Directions ->
Repeat the full listing below verbatim and keep the images out.

Input records ->
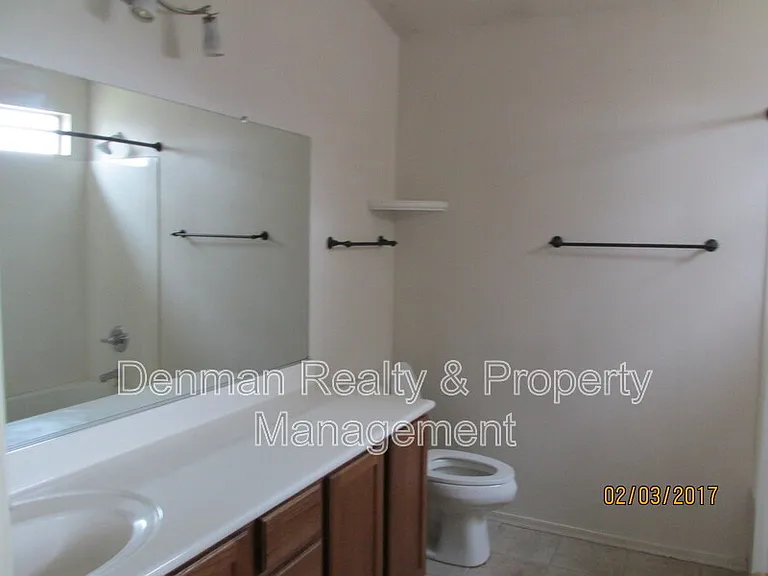 1124 E Maddison St — Photo 8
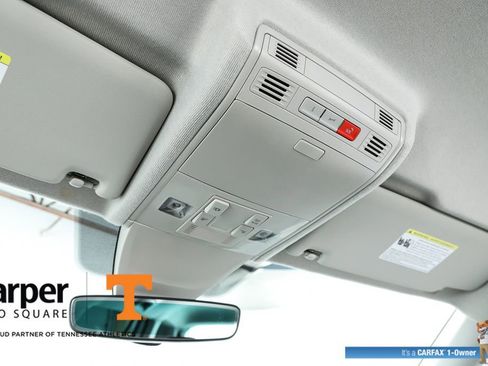 Used 2023 Volkswagen Tiguan SE image 26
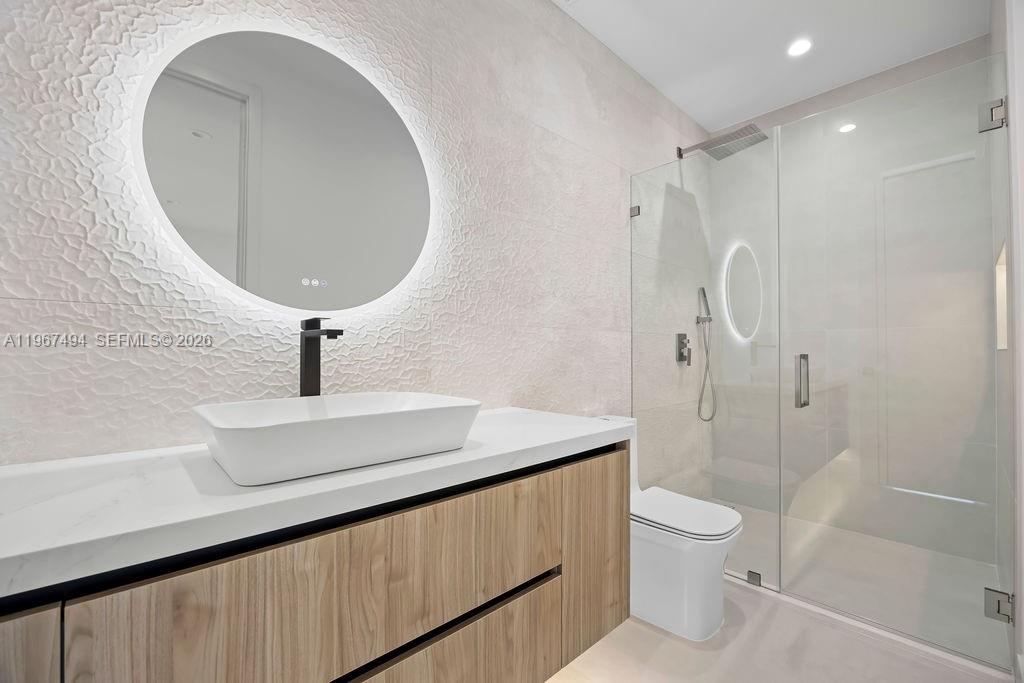 LAUDERDALE PINES - Residential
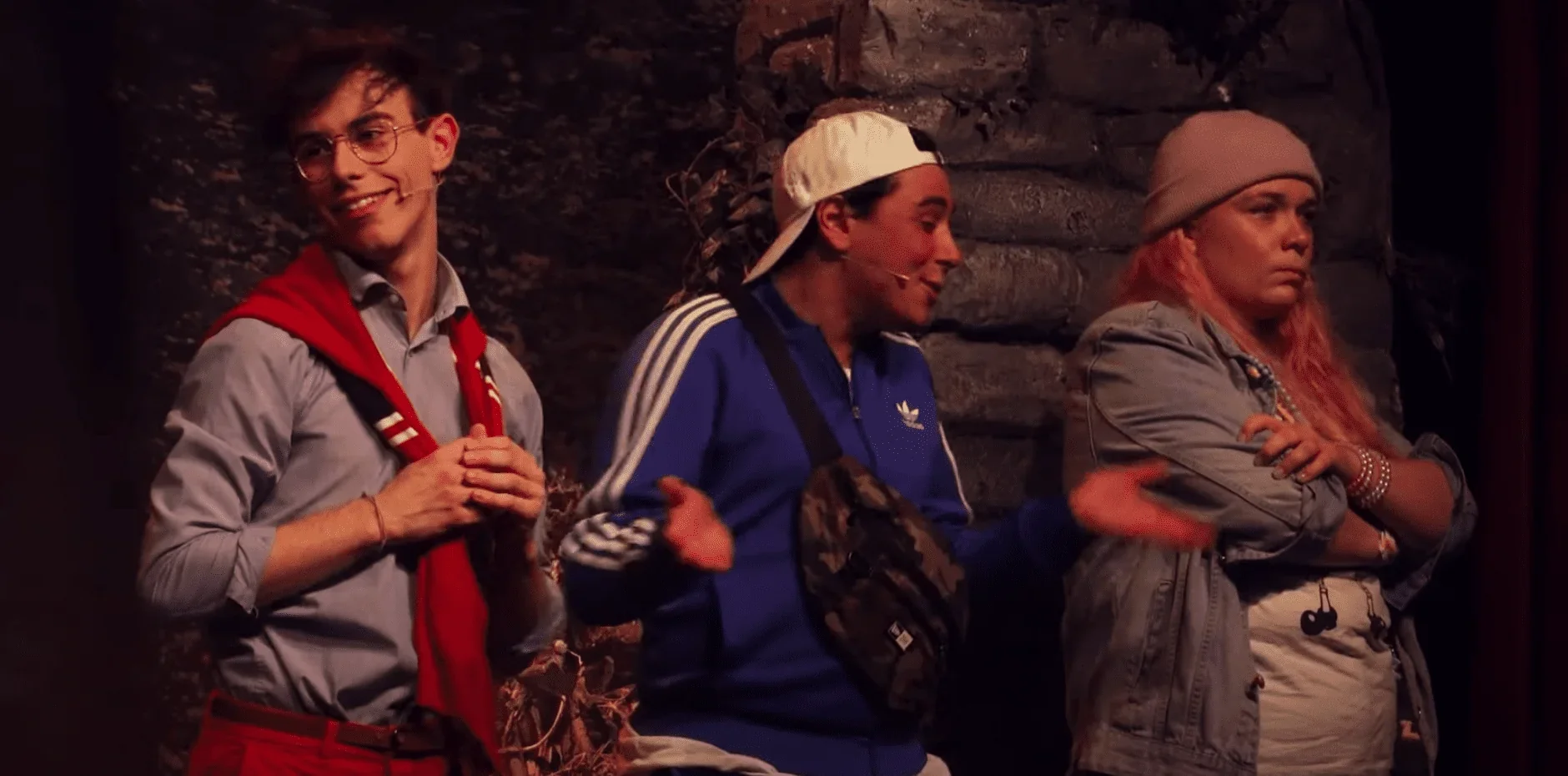 Les trois comédiens en train de danser de manière comique et joyeuse. Leurs mouvements sont fluides et synchronisés, reflétant l'a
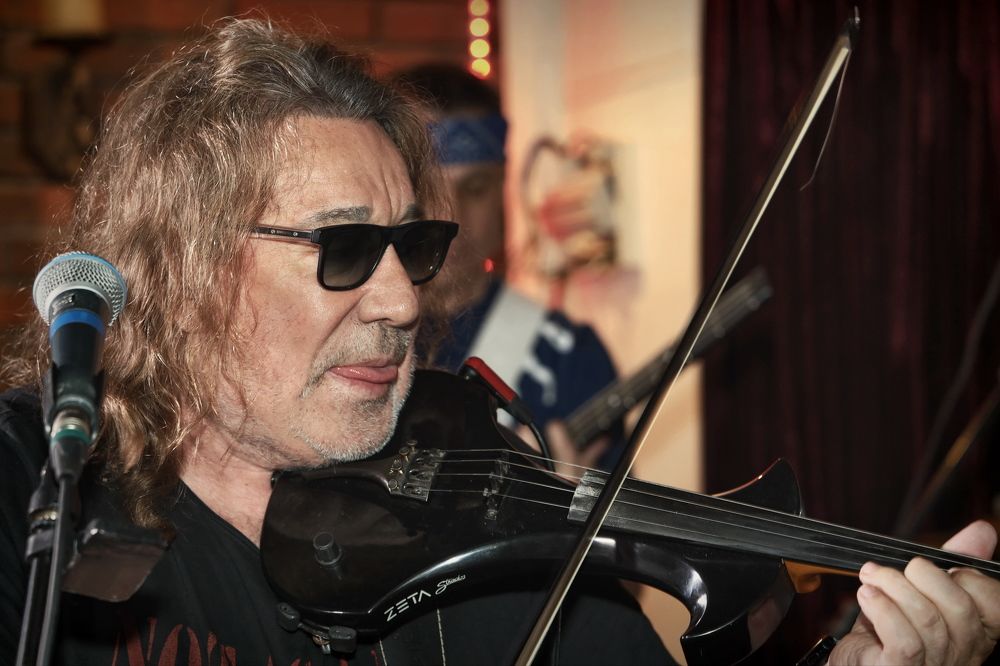 Скрипач... Владимир Кузьмин.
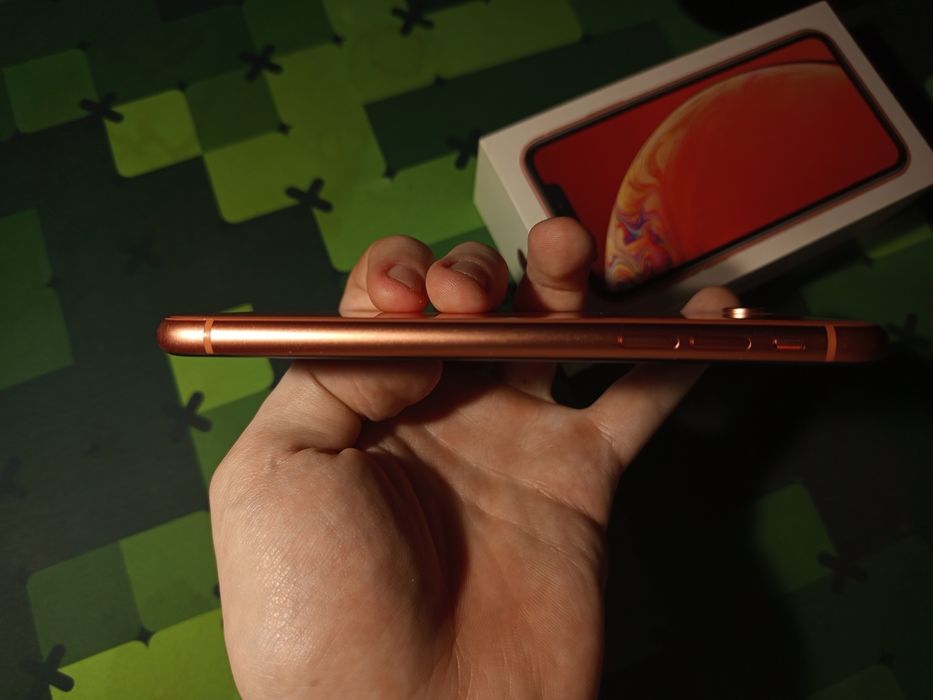 iPhone XR.  stan :BDB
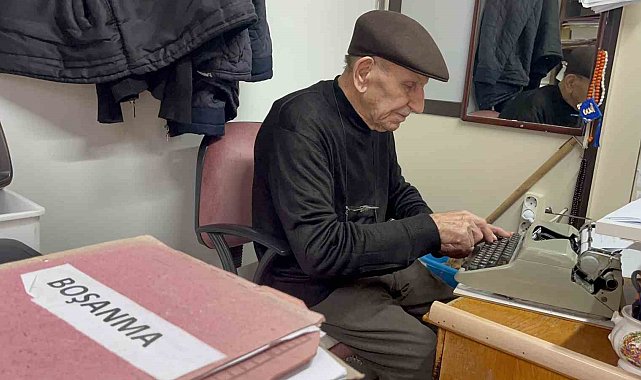 93 yaşındaki arzuhalci mesleğini ilk günkü aşkla sürdürüyor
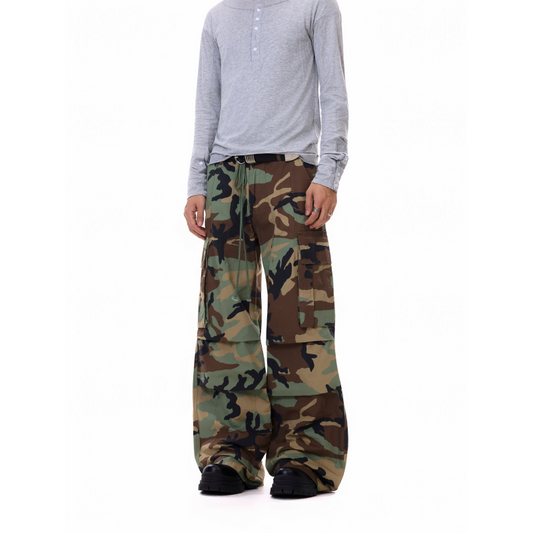 BAGGY CAMO PARACHUTE CARGO PANTS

Exercise solution ->
 1124 E Maddison St — Photo 8
 Used 2023 Volkswagen Tiguan SE image 26
 LAUDERDALE PINES - Residential
 Les trois comédiens en train de danser de manière comique et joyeuse. Leurs mouvements sont fluides et synchronisés, reflétant l'a
 Скрипач... Владимир Кузьмин.
 iPhone XR.  stan :BDB
 93 yaşındaki arzuhalci mesleğini ilk günkü aşkla sürdürüyor
 BAGGY CAMO PARACHUTE CARGO PANTS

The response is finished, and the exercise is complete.